TASK REQUIREMENTS: Retype every line of the records exactly.

TASK MATERIAL:
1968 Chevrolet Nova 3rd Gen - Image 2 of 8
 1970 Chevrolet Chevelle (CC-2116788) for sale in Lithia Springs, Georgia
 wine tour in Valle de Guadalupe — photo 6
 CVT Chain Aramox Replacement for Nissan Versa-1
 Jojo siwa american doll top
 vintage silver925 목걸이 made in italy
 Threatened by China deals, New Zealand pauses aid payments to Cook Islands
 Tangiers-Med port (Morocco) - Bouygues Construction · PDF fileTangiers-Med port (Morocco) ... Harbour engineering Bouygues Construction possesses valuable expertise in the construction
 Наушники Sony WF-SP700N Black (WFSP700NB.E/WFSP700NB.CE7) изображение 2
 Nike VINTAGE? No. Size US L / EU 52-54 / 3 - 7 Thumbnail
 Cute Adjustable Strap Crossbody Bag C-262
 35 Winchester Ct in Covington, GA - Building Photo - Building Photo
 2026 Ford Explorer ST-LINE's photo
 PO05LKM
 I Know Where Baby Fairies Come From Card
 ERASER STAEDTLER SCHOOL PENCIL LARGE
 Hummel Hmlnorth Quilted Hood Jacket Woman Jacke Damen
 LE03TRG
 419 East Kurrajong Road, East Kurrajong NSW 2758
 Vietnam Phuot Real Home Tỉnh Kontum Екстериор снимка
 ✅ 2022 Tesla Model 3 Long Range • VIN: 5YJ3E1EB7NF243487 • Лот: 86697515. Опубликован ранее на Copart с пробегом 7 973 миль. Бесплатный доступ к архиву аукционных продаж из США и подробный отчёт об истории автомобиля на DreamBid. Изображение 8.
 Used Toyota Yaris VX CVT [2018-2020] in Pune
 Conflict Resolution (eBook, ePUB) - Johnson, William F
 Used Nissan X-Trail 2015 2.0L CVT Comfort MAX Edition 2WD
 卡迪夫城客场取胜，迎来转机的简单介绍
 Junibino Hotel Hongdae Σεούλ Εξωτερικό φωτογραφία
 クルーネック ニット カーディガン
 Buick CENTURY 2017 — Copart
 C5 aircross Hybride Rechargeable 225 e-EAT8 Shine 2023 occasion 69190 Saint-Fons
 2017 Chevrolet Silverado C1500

ANSWER AREA:
1968 Chevrolet Nova 3rd Gen - Image 2 of 8
 1970 Chevrolet Chevelle (CC-2116788) for sale in Lithia Springs, Georgia
 wine tour in Valle de Guadalupe — photo 6
 CVT Chain Aramox Replacement for Nissan Versa-1
 Jojo siwa american doll top
 vintage silver925 목걸이 made in italy
 Threatened by China deals, New Zealand pauses aid payments to Cook Islands
 Tangiers-Med port (Morocco) - Bouygues Construction · PDF fileTangiers-Med port (Morocco) ... Harbour engineering Bouygues Construction possesses valuable expertise in the construction
 Наушники Sony WF-SP700N Black (WFSP700NB.E/WFSP700NB.CE7) изображение 2
 Nike VINTAGE? No. Size US L / EU 52-54 / 3 - 7 Thumbnail
 Cute Adjustable Strap Crossbody Bag C-262
 35 Winchester Ct in Covington, GA - Building Photo - Building Photo
 2026 Ford Explorer ST-LINE's photo
 PO05LKM
 I Know Where Baby Fairies Come From Card
 ERASER STAEDTLER SCHOOL PENCIL LARGE
 Hummel Hmlnorth Quilted Hood Jacket Woman Jacke Damen
 LE03TRG
 419 East Kurrajong Road, East Kurrajong NSW 2758
 Vietnam Phuot Real Home Tỉnh Kontum Екстериор снимка
 ✅ 2022 Tesla Model 3 Long Range • VIN: 5YJ3E1EB7NF243487 • Лот: 86697515. Опубликован ранее на Copart с пробегом 7 973 миль. Бесплатный доступ к архиву аукционных продаж из США и подробный отчёт об истории автомобиля на DreamBid. Изображение 8.
 Used Toyota Yaris VX CVT [2018-2020] in Pune
 Conflict Resolution (eBook, ePUB) - Johnson, William F
 Used Nissan X-Trail 2015 2.0L CVT Comfort MAX Edition 2WD
 卡迪夫城客场取胜，迎来转机的简单介绍
 Junibino Hotel Hongdae Σεούλ Εξωτερικό φωτογραφία
 クルーネック ニット カーディガン
 Buick CENTURY 2017 — Copart
 C5 aircross Hybride Rechargeable 225 e-EAT8 Shine 2023 occasion 69190 Saint-Fons
 2017 Chevrolet Silverado C1500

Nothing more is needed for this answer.